Kompas.com - 02/12/2021, 12:51 WIB
Ilustrasi varian Omicron (B.1.1.529). Dokter di Afrika Selatan yang pertama kali menyadari ada varian baru Covid-19 mengatakan, gejala varian Omicron sangat ringan seperti infeksi virus umumnya. Nama untuk varian Omicron, diambil WHO dari huruf ke-15 dalam alfabet Yunani. SHUTTERSTOCK/natatravelIlustrasi varian Omicron (B.1.1.529). Dokter di Afrika Selatan yang pertama kali menyadari ada varian baru Covid-19 mengatakan, gejala varian Omicron sangat ringan seperti infeksi virus umumnya. Nama untuk varian Omicron, diambil WHO dari huruf ke-15 dalam alfabet Yunani.

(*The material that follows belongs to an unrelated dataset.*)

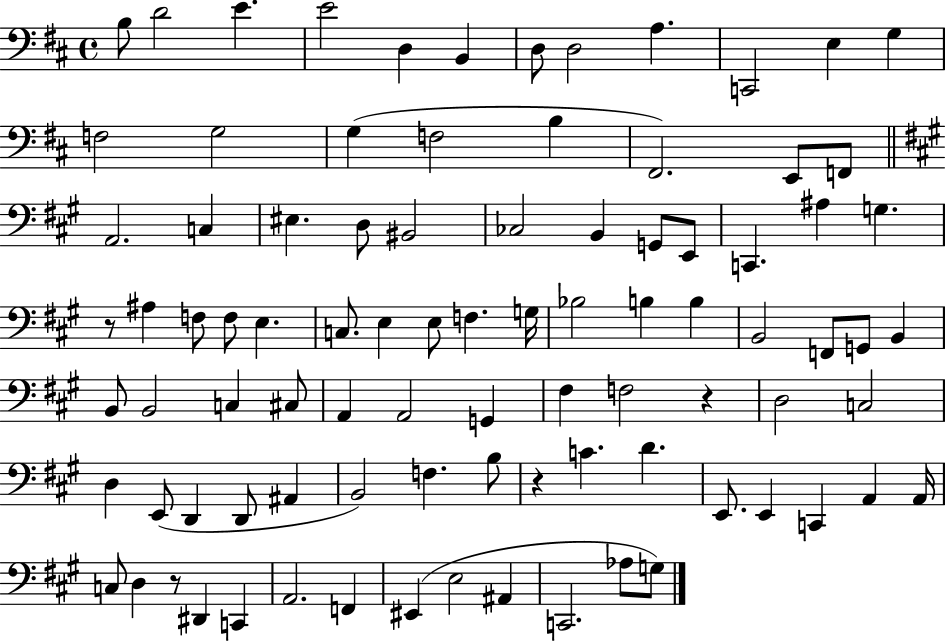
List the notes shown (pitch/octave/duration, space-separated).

JAKARTA, KOMPAS.com - Epidemiolog dari Universitas Indonesia Tri Yunus Miko Wahyono memperkirakan varian baru virus Corona B.1.1.529 atau Omicron bisa masuk lebih awal ke Indonesia.

Sebab, kata dia, sejak Organisasi Kesehatan Dunia (WHO) mengumumkan varian B.1.1.529 sebagai variant of concern (VoC), semakin banyak negara yang melaporkan kasus Covid-19 terkait varian tersebut.

"Menurut saya, ada kemungkinan masuk lebih awal (ke Indonesia). Waktu diumumkan Botswana dan Afrika Selatan, WHO menyebutkan sudah di tujuh negara penyebarannya, bukan tidak mungkin Indonesia kebobolan kemasukan varian ini," kata Tri saat dihubungi, Kamis (2/12/2021).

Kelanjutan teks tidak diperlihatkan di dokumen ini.